To the south, the Maritime Silk Road was the main conduit, complementing the land routes especially in times of disruption. By the late 13th century the city of Guangzhou had become the main point of China's imports and exports. A shipwreck from this time reveals goods being imported from all over southern Asia, and probably the Persian Gulf and East Africa too, including pepper, frankincense, glass and cotton.7 The recent 2008 discovery of the early 17th century Selden Map ( 東西洋航海圖 or Nautical Chart of the Eastern and Western Seas) in the Bodleian Library of Oxford reveals the extent of Ming Dynasty seafaring ambitions. China appears squeezed into the top left portion of the map, whilst shipping routes are marked towards the islands of East and Southeast Asia which take up more than half the map. China is no longer presented as a self-sufficient entity at the centre of the world. Ming Dynasty China emerges as vigorous and export orientated.8 Later in the 17th century, the Qing Dynasty lifted restrictions on foreign trade, leading to a surge in Chinese exports of tea, Chinese sugar and porcelain. This helped inspire a new tradition of Dutch ceramics at Delft, dealing in the distinctive blue and white porcelain of the East.9

The Roads were a complex network of trading routes which evolved over time on land and at sea. Interestingly, Ferdinand von Richtoffen reduced this complexity to a single red line on the map of the Silk Road dating from 1877. Perhaps this was because he was charged by the German Reich to map an appropriate route for a railway line between Berlin and Beijing, an early example of infrastructure ambition in Central Asia. But the Silk Roads are best thought of in the plural. And in conjuring up this ethereal concept, von Richthofen had hit upon a marketer's dream: He had unwittingly created a brand with global potential.

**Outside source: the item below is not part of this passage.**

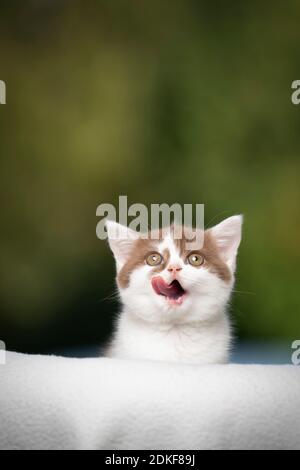 hungry white cinnamon british shorthait kitten licking lips looking up on green background with copy space Stock Photo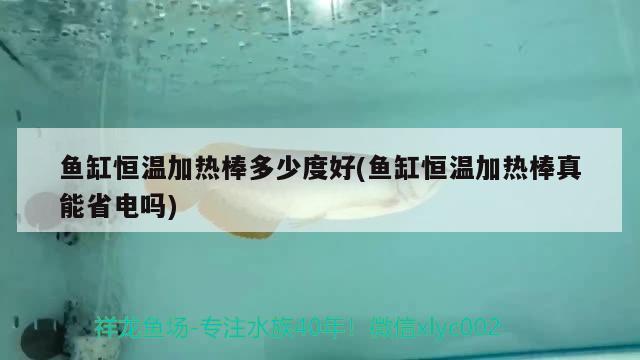 鱼缸恒温加热棒多少度好(鱼缸恒温加热棒真能省电吗) iwish爱唯希品牌鱼缸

Vaiśravaṇa, the Buddhist Guardian of the North and a deity of wealth associated with the ancient Buddhist kingdom of Khotan, located on the southern branch of the Silk Road that ran around the Taklamakan Desert
© The Trustees of the British Museum

One Belt One Road

It is no surprise, then, that the Silk Road has re-emerged in the 21st century, most recently as a leitmotif in a development policy initiative emanating from Beijing: One Belt One Road. How should we understand this latest reincarnation? Chinese economic influence has been felt the world over during the past couple of decades, but in terms of foreign policy, the nation has remained remarkably low-key. That has now changed with President Xi Jinping's October 2013 announcement of the One Belt One Road policy10 which formalised China's regional policy strategy. China is reshaping foreign policy relations for the 21st century: So turning from history to the present day, we may ask: how broadband is this new version of the Silk Road? Is it just about economics, or are there more factors at play?

One Belt, One Road
© South China Morning Post

The spirit of the Silk Road

Vision and Actions on Jointly Building Silk Road Economic Belt and 21st century Maritime Silk Road, by the National Development and Reform Commission (NDRC), released in March 2015 emphasises the benign evolution of an ancient tradition:

Symbolizing communication and cooperation between the East and the West, the Silk Road Spirit is a historic and cultural heritage shared by all countries around the world. In the 21st century, a new era marked by the theme of peace, development, cooperation and mutual benefit, it is all the more important for us to carry on the Silk Road Spirit in face of the weak recovery of the global economy, and complex international and regional situations.11

Another analysis is that OBOR is a macroeconomic policy, China's way of exporting itself out of an economic slowdown.12 There is massive overcapacity in steel-making and concrete, so the argument goes. Infrastructure buildout is saturated at home. It is time to "go west", with massive rail, road and bridge projects connecting to the states of Central Asia, and onward to Europe. This overland thrust is complemented by the maritime road along which ports have been constructed in countries such as Sri Lanka, Bangladesh and Pakistan, the so called "String of Pearls" strategy.

Marshall Plan

Those with a 20th century historical vision see something akin to the United States post-World War II Marshall Plan. OBOR is no less than a geopolitical strategy designed to cement Chinese influence in the region. Along the way it will bring increased wealth to the provinces of the west. China's western region and its central Asian neighbours contain vast reserves of oil and gas. OBOR is set to drive a huge swathe through the Xinjiang region, a desert region that has 22% of China's domestic oil reserves and 40% of its coal deposits. Here, a poorer Muslim Uighur population has been increasingly restive in recent years. So there is an opportunity to share a more connected future, and at the same time work to ameliorate any threat of radical Islam. Like the Marshall Plan, OBOR has a geopolitical mission, and is similarly ambitious in scope, covering dozens of countries with a total population of over 3 billion people.

Broadband Silk Road

There is another thesis, and this would place OBOR as the latest chapter in the ongoing road to global integration. Ever since the 1972 visit of US President Richard Nixon to China, and more especially the era of Deng Xiaoping, China and the West have been moving inexorably towards a closer understanding at national and institutional levels. The steps have been multifarious, the movement gradual: China's creation of four special economic zones in Shenzhen, Zhuhai, Shantou, and Xiamen in 1980; China's membership of the World Bank in 1980; the designation of 14 open coastal cities in 1984; China's accession to the World Trade Organization in 2001; the introduction of revised accounting standards in 2006; and the opening of the Shanghai Pilot Free Trade Zone in 2013, to name but a few key moments. Public Private Partnerships may be seen to represent the latest chapter in this narrative of integration through which China and the West are building an evercloser understanding.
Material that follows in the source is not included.